= Beginning of Section =

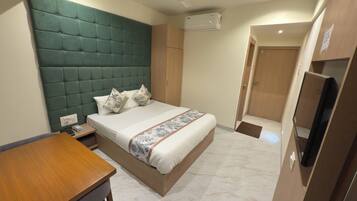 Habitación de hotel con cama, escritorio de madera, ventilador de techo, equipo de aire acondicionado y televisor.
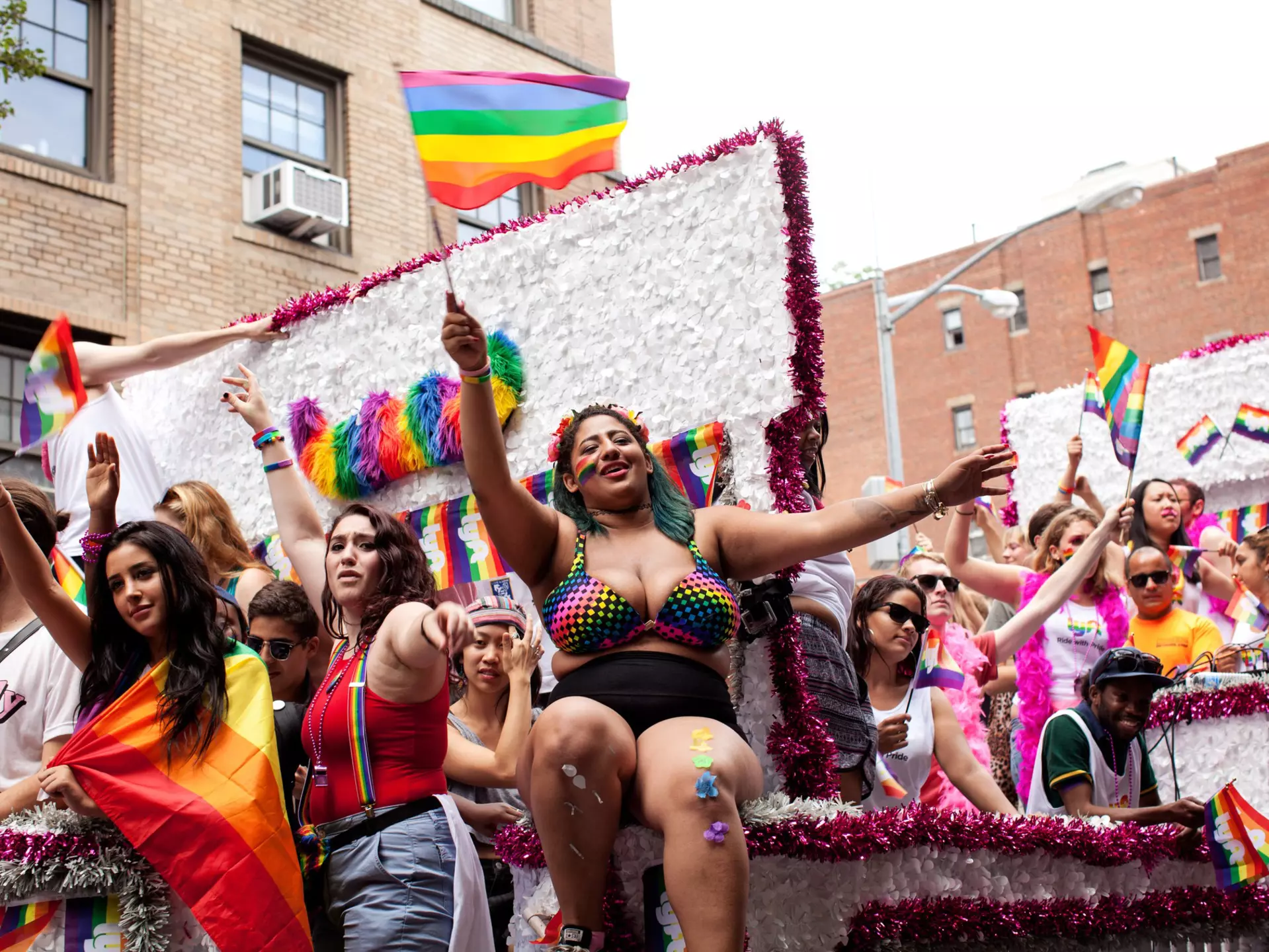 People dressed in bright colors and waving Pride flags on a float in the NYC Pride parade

= End of Section =
= Beginning of Section =

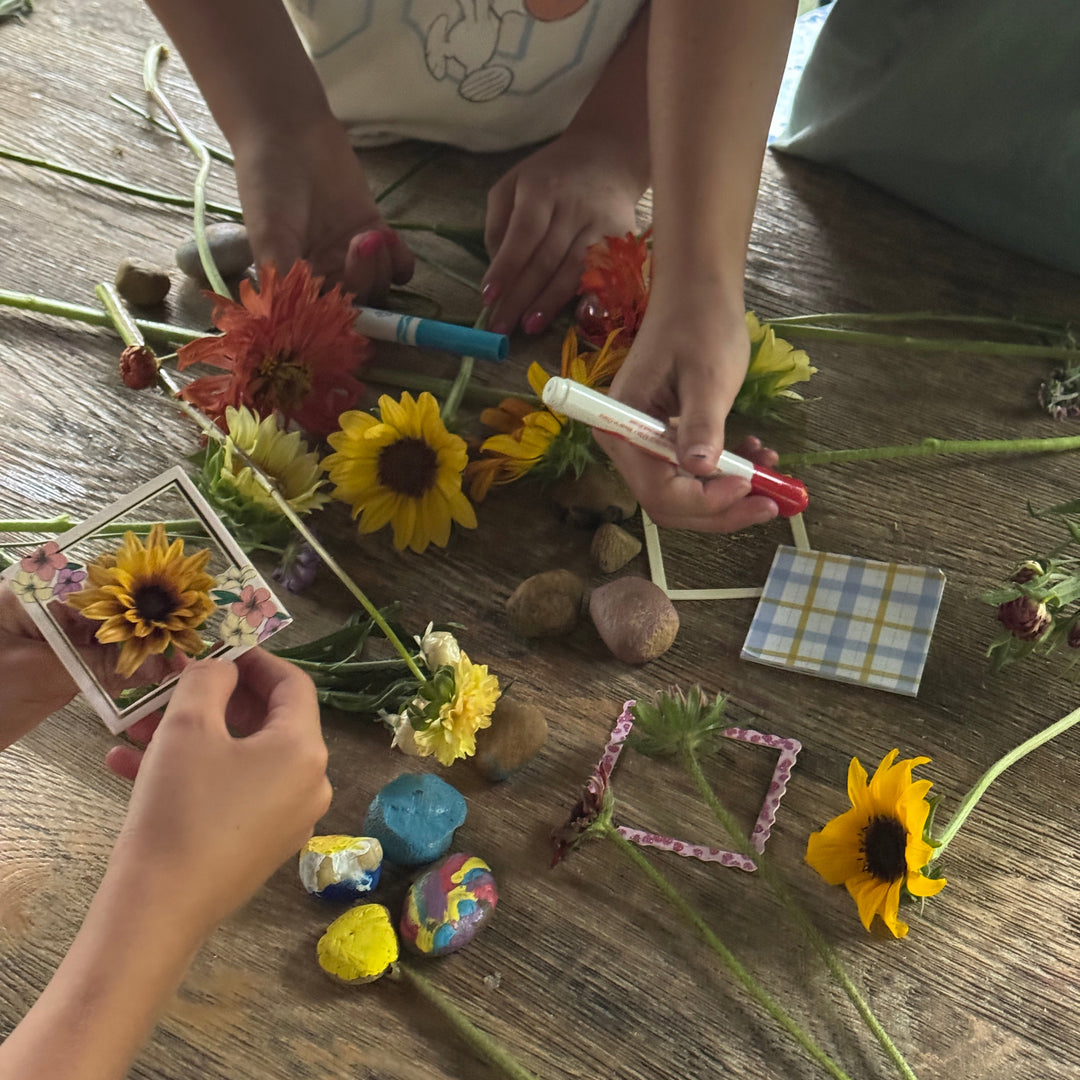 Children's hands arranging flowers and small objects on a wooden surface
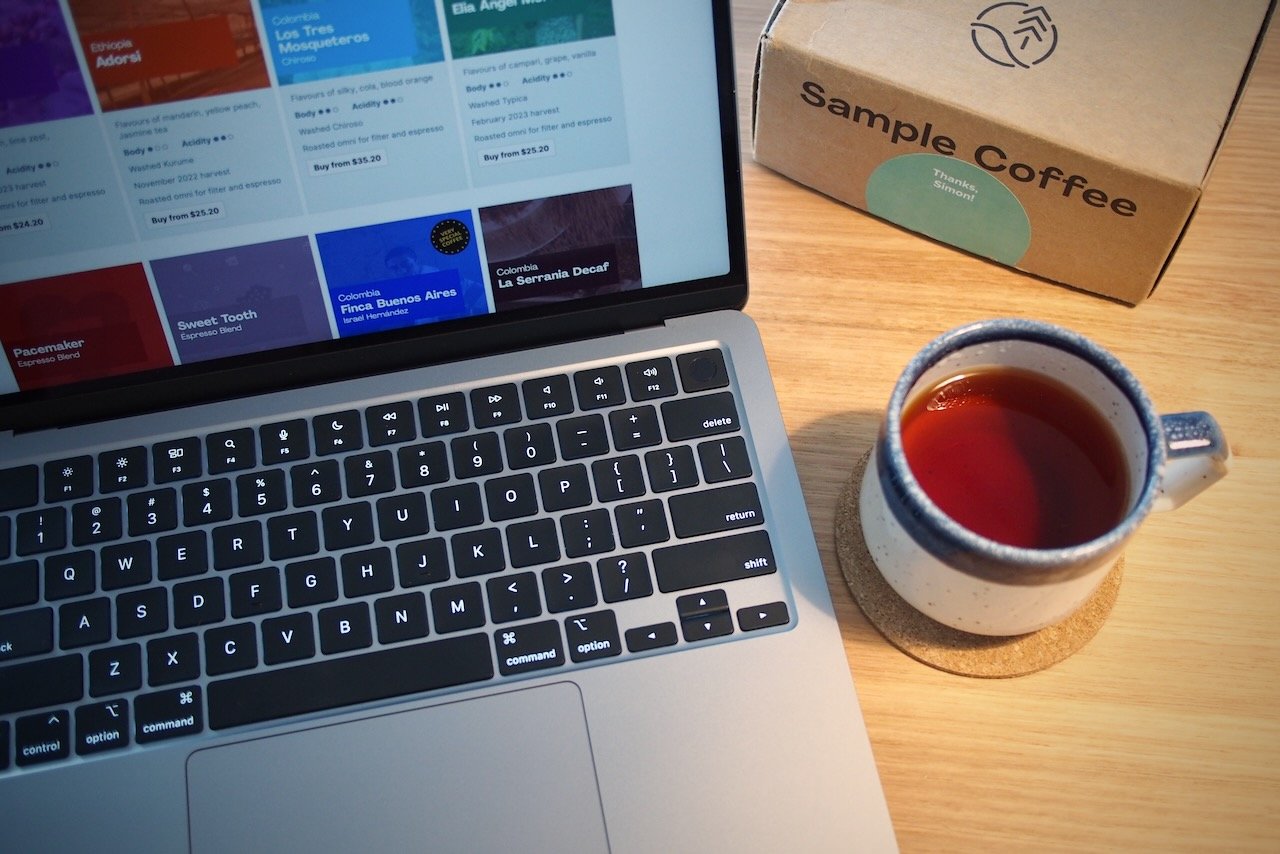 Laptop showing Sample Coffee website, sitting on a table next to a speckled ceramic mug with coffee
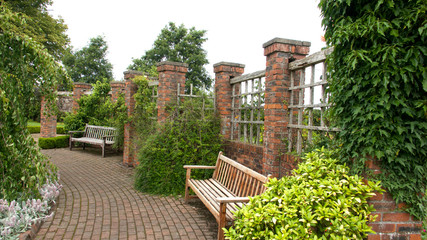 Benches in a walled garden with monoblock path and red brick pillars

= End of Section =

• _ACTIVITY_:
Only the lines between the one with "Habitación de hotel" and the one with "People dressed in", those two included, get copied from the material above. Keep it exact and free of pictures.

• _ANSWER AREA_:
 Habitación de hotel con cama, escritorio de madera, ventilador de techo, equipo de aire acondicionado y televisor.
 People dressed in bright colors and waving Pride flags on a float in the NYC Pride parade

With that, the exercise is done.